Disney officials are, likewise, expecting a steep drop in attendance at its newest international theme park, the $5.5 billion Disneyland Shanghai, in its second year of operations, after reports surfaced in the news media that park attendance has plummeted in recent months due to bad word-of-mouth from park visitors on social media in the mainland.

The entrance of the Disneyland Hong Kong resort in Penny's Bay, Hong Kong
This kind of bad news was not totally unexpected and is in line with previous patterns seen at both Disneyland Paris and Disneyland Hong Kong during their sophomore years of operation, when those parks, likewise, both began garnering bad word-of-mouth from the public over guest service problems and a clash of cultures between park visitors or employees and the Walt Disney Company inside the theme parks.

If there are any serious problems inside a new Disney theme park, the honeymoon between visitors or employees and Disney is typically over well before the end of the first year of operation.

Disneyland Hong Kong has only been in the black in three of its twelve years of existence, between 2012 and 2014, when there was a brief tourism bubble in Hong Kong. Park attendance was 6.1 million in 2016, which was down steeply by 10% from the year before.

Park officials of Disneyland Hong Kong, which is jointly owned by Disney and the Hong Kong government, announced a long overdue $1.4 billion plans for an expansion in November 2016.


However, given the recent announcement by Disney to financially bailout Euro Disney with a $1.6 billion cash infusion—the second such bailout in three years—it now appears that the $1.4 billion expansion plans at Disneyland Hong Kong may also be a form of financial "bailout" by the Walt Disney Company to help the struggling Hong Kong theme park.

After some major layoffs in 2016, workers protested in front of Disney HK
The main reason for the sharp decline in park attendance numbers was largely due to a steep drop in tourism from mainland China.

Tourism from the mainland was down, accounting only for 36% of Disney's park attendance figures, the lowest level since 2009. Visitors from mainland China accounted for 41% of Disney Hong Kong's attendance in fiscal 2015 and 48% in fiscal 2014, so the downward trend is not encouraging.

The volatility of the financial markets in China, the resulting plunge in tourism from mainland Chinese visitors due to unfavorable currency exchange rates, and the grand opening of the much larger Disneyland Shanghai in June 2016, as well as increased competition from a slew of other new theme parks built on the mainland, were largely blamed for Disneyland HK's disappointing numbers.


However, Disneyland Hong Kong managing director, Samuel Lau Wing-Kee, dismissed specific claims that the opening of the new $5.5 billion Disneyland Shanghai was cannibalizing mainland business away from Disneyland Hong Kong, making sure not to criticize Disney executives for their questionable decision to build a new Disney theme park so close to Disneyland HK.

Disney's competitors in mainland China, such as the Dailan Wanda Group, are
taking aim at both Disneyland Shanghai and especially Disneyland Hong Kong.
Chairman of Dailan Wanda, Wang Jianlin (center), seen above touring Disneyland
Shanghai
"China is a big enough market to be able to accommodate both parks," Lau insisted. To drive his point home, Lau further argued that the U.S. is the home to two Disney theme parks, which do not adversely affect one another's ability to stay profitable.

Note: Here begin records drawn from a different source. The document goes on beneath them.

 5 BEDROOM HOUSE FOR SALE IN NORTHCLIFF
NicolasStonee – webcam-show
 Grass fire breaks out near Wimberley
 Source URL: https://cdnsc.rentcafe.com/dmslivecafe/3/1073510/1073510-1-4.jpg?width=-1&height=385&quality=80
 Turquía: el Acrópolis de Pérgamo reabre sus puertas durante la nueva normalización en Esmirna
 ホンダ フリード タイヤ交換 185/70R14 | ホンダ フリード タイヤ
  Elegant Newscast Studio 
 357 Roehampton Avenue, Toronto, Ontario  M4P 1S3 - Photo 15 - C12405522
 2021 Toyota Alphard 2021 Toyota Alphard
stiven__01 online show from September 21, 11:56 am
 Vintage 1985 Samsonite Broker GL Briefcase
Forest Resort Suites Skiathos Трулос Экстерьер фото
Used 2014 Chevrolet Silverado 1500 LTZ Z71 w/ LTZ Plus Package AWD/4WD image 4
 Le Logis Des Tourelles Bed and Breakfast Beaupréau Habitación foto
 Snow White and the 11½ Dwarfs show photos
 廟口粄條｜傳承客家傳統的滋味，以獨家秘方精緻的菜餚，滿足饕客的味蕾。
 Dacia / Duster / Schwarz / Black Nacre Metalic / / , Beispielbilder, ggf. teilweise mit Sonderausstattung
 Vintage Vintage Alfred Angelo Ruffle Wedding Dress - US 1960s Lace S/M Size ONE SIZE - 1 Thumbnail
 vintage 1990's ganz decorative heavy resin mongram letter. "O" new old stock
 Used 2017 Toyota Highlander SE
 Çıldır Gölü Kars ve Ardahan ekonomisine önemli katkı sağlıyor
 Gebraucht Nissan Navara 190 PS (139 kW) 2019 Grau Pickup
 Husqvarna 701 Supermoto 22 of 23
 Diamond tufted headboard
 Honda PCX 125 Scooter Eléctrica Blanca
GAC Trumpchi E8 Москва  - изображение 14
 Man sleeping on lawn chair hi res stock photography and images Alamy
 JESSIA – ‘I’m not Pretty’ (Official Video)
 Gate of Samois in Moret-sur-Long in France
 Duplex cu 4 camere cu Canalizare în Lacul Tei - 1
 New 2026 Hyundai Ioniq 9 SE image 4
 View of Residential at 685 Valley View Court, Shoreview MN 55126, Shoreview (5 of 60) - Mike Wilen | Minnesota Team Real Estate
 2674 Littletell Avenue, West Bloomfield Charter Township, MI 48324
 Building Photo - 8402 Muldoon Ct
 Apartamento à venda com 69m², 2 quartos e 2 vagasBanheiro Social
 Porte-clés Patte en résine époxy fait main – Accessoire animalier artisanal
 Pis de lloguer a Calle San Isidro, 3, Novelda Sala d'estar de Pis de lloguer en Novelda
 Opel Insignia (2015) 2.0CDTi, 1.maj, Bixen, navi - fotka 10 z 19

However, Lau failed to demonstrate whether a country like China was affluent enough that it could sustain two competing Disney theme parks so close together without cannibalizing each other's business.

Much like Euro Disney, the Hong Kong Disney theme park first opened to a great deal of mixed praise and criticism back in September 12, 2015. Many critics slammed the Hong Kong Disney theme park for being too small and not having enough high-end "E-ticket" rides to sustain the kind of buzz and high park attendance numbers worthy of a Disney theme park.


The Hong Kong Disney theme park is currently the smallest Disney theme park in the world, taking that dubious title away from Disney California Adventure in Anaheim, California, after that Disney theme park completed its latest massive expansion project and re-dedication in June of 2012.

Disney almost always has some issues with clashing with international cultures
whenever they open a theme park overseas, but the one lesson they never seem
to learn is: The customer is always right
Disneyland HK is about a third the size of its much bigger sister theme park in Shanghai and has been long overdue for expansion plans.

Disney's recently announced $1.4 billion plans to expand Hong Kong Disney last November, slated to open in 2020, and will incorporate a new Frozen themed area, a new Marvel Super Heroes zone, a much larger transformed castle and hub area, and other new attractions, rides, restaurants, shopping, hotels and entertainment offerings.

But given the recent bad financial news from Disneyland Hong Kong's sister theme park, Disneyland Paris, it now appears that massive cash infusion into Hong Kong is just a bailout by another name for yet another struggling Disney international theme park.

So why is it that, for virtually every international Disney theme park, with the possible exception of Disneyland Tokyo, that they have all failed? The answer lies in the fact that in the case of Disneyland Tokyo (the only successful international Disney theme park thus far), it is not owned or managed by the Walt Disney Company.


Disney's brand of Hollywood elitist culture and corporate liberal politics which seems to seep into just about every aspect of their branding and story-telling—even inside the theme parks—ultimately seems to clash with virtually every indigenous culture overseas, whether it's the French, the Chinese, or the people of Hong Kong.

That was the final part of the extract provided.